Normally, the biggest hits of the summer arrive closer to late June or even July, when all the kids are out of school and nerdy fandads and fanmoms can take the family to the theater as many times as possible. Last year, that rule was trumped by a little film called Iron Man, which surpassed most movie and comic fans’ wildest dreams when it came to the gold and red hero.
This year, so far, that award easily goes to J.J. Abrams for his ability to take a once dead franchise and completely revitalize it for both a brand new audience, while not alienating the legions of pointy-eared fanboys. Star Trek is easily this year’s Iron Man in more than just being a pleasant surprise, but also tone. There is conflict in the film. But overall, there is a positive tone that runs through the entire film that made us believe that this crew could overcome any conflict or foe, no matter how much of a no-win scenario it may seem to be.
The thing that makes this film so unique and impressive is how it reboots the franchise while adhering to the continuity of the original Star Trek series and films. The best part? This is explained in two scenes but done in such a “Trek” way that it doesn’t lose the audience and we’re ready to move on to the next exciting scene. The writing team of Orci and Kurtzman, who wrote both Transformers films, were able to utilize things like alternate universes in a franchise where things like that are under intense scrutiny by fans and still pull it off.
The cast is by far the thing that will drive the non-trekkies into the theaters. An overall good looking cast headed up by relative no-name Chris Pine as Kirk, and Heroes baddie Zachary Quinto as Spock. Both played the “new spin on old roles” on the nose, while looking good doing it. The supporting cast makes every scene that Kirk and Spock aren’t in good as well. This is especially true of Karl Urban playing Leonard McCoy, who I feel stole the show. Even Eric Bana, who isn’t in many fan’s good graces after his performance in HULK, managed to pull out the stops as the antagonist Captain Nero. Some surprises throughout the film are great as well, which I won’t ruin for you, but stick around during the credits to see who you may have missed.
Now that the gushing is out of the way, there were only two things that I feel could have been improved or done without in the film. The first is the use of Beastie Boys’ song “Sabotage” near the beginning of the film. I get that they are shooting for a younger audience, using such an easy track as “Sabotage” during a car chase scene only cheapens it. This is why the Enterprise never went into warp with Europe playing in the background. Paramount threw enough money into the film, it would have been easy enough to have an unknown band write an original song.

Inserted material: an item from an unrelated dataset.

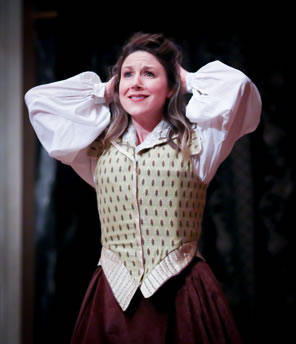Judith, in simple Elizabethan waist jacket, blousey shirt and maroon dress holds her hands up to her head in wonder.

Second was the lens flares in the film. In an interview with Abrams, the director stated that the idea was to give the film a unique look, which is fine. But even he admits that a dozen lens flares every time there is a scene on the bridge is a bit much, and I agree. Each scene does come out looking stunning, but it also becomes distracting when your trying to follow the dialogue and somebody off-camera keeps flashing a mag-lite in your eyes. Those being the only issues I had with the film isn’t bad in the grand scheme.
Overall, this is an incredibly fun film, fan of Star Trek or not. If you aren’t a fan, you won’t be bored or bogged down with talk of time travel or worm holes and those two hours will fly by. For the Trekkies (I’ll admit, I’m one too) you will get the same feeling of excitement and wonder that you did when you saw you favorite Star Trek film for the first time. If this movie does anything, it will bring fans and non-fans together to gush about a Star Trek movie for the first time in decades, if not ever.